In article <5655@skye.ed.ac.uk> 
jeff@aiai.UUCP (Jeff Dalton) writes:

>In article <1991Nov17.190935.5546@husc3.harvard.edu> 
zeleny@brauer.harvard.edu (Mikhail Zeleny) writes:

MZ:
>>                        It's well known that classical model-theoretic
>>semantics is incapable of fully characterizing reference; hence it is
>>incapable of sufficiently constraining any derived operational criteria
>>that purport to implement what you call the ``AI notion of success of
>>reference''.  (See e.g. an overview in Lakoff's ``Women, Fire, and
>>Dangerous Things'', chapter 15.)

JD:
>This is, of course, a ref to Putnam's argument.  I hope the Putnam
>thread has not died.  I sent something explaining my " Putnam has _an_
>answer to the "cats and cherries" argument", but that's the last I've
>seen.

My fault: I've been ill, and had to miss Putnam's seminar twice;
furthermore, having been involved in a shooting war with strong AI
fanatics, I haven't had time to participate in a reasoned discussion...
Excuses, excuses...

JD:
>I've received e-mail on that posting and apologize for not
>replying.  There's been trouble with the UK internet link,
>and I didn't want to add to the backlog (or have my message
>get lost).

Please duplicate to my e-mail address, and I'll do likewise.

JD:
>I raised two issues:
>
>1. If Putnam's argument is correct, how does he think we all end
>   up using more or less the same language, with the same references?
>   Or does he think we might be using widely differing reference
>   relations? 

I really can't speak for Putnam, as my use of his argument represents a
metaphysical realist d\'etournement, with whose conclusions he most
certainly would disagree.  Note that when he says that metaphysical realism
is incoherent, he means merely that it contradicts his intuition.  Since I
have my own intuition to contend with, I hope you would excuse me for not
paying heed to someone else's.

JD:
>2. If it were possible for people to use very different reference
>   relations without it being detectable, isn't it much more likely
>   that they'd use relations where the difference could be detected
>   in some cases but not in others.

I don't think that Putnam, or, for that matter, anyone else actively
involved in professional discussion of semantical issues, is actually
suggesting that such variation in reference occurs in practice; on the
other hand, how to explain such referential stability is an open question.
It appears that the Frege-Church theory is the only one among presently
known approaches to the problem of reference, that is capable of adequately
addressing the issue of stability of reference.  The problem is, how to
give a theory of mind that would explain our cognitive grasp of infinite
hierarchies of intensions.  I believe that I have an approach to this
problem, based on Spinoza's double aspect theory.

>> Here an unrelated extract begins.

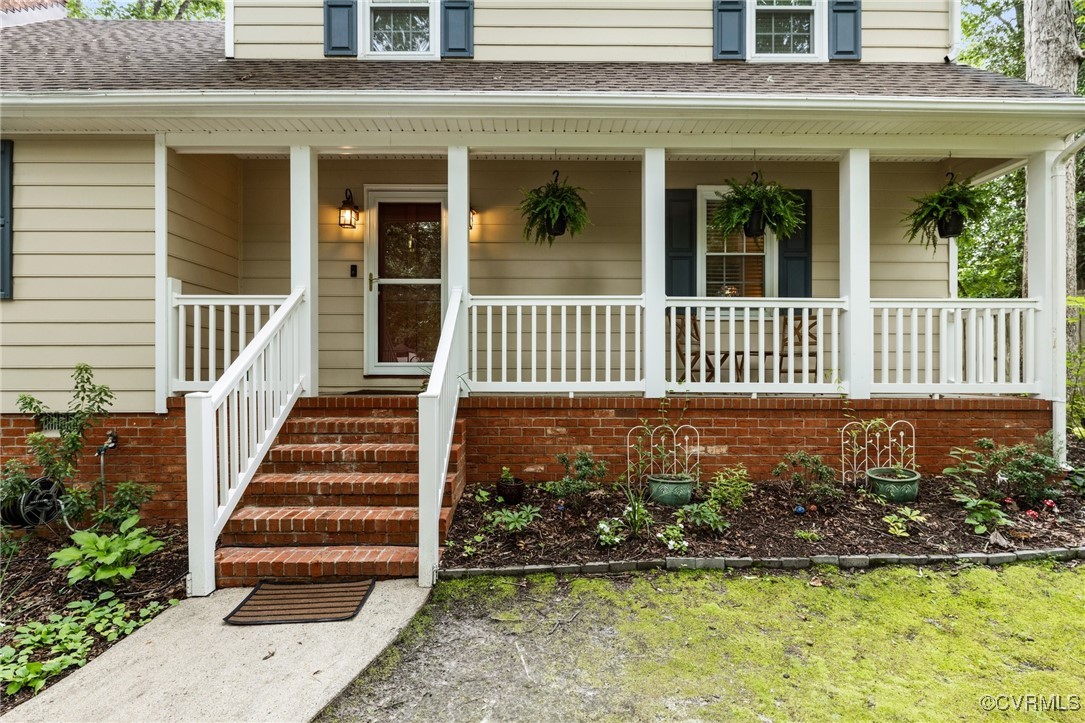 8264 Siege Road Mechanicsville, VA 23111 - Photo 4 of 29 front view of a house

>Re 2 I received mail suggesting that people often do use different
>reference relations.  I think it is the case that people often 
>use different meanings for words, but this doesn't seem to happen
>for words like dog, cat, mat, etc.  The differences there are
>fairly minor, but why?  Why do we (almost?) never encounter someone
>who uses "cat" to refer to cherry?

Why indeed.

>-- jeff

I include a summary of my position on this issue.

In setting up model-theoretic semantics we are motivated by a desire to
explain the name relation; thus none can be assumed to hold a priori, but
must be substantiated on semantical grounds alone.  Now, Davidson's
model-theoretic semantics takes the set of sentences as the framework
against which we are modeling everything; the meaning of the said sentences
is taken as the set of their truth-conditions.  Whence, not surprisingly,
Putnam's result; question is, does it succeed beyond refuting his own
extensionalist preferences?  Given that the argument estabilishes that
truth-conditions are not sufficient to fix the meanings of predicates and
individual constants in the model, it seems that the most reasonable course
of action consists in adopting an intensional (i.e. Fregean) theory of
meaning; yet Putnam dismisses such theories as incoherent with nary an
argument.  Since his dismissal is often based on an appeal to Quine's
objections to intensional entities, such as propositions and concepts, it's
relevant that the latter can be reconstrued to apply equally well to the
extensional ones, like truth-values and material objects that our noun
phrases refer to.  Yet Putnam is unwilling to abandon the notion of truth
and reference,\footnote{See ``Representation and Reality'', pp. 60ff.} and
so hedges his skepticism on a crucial point.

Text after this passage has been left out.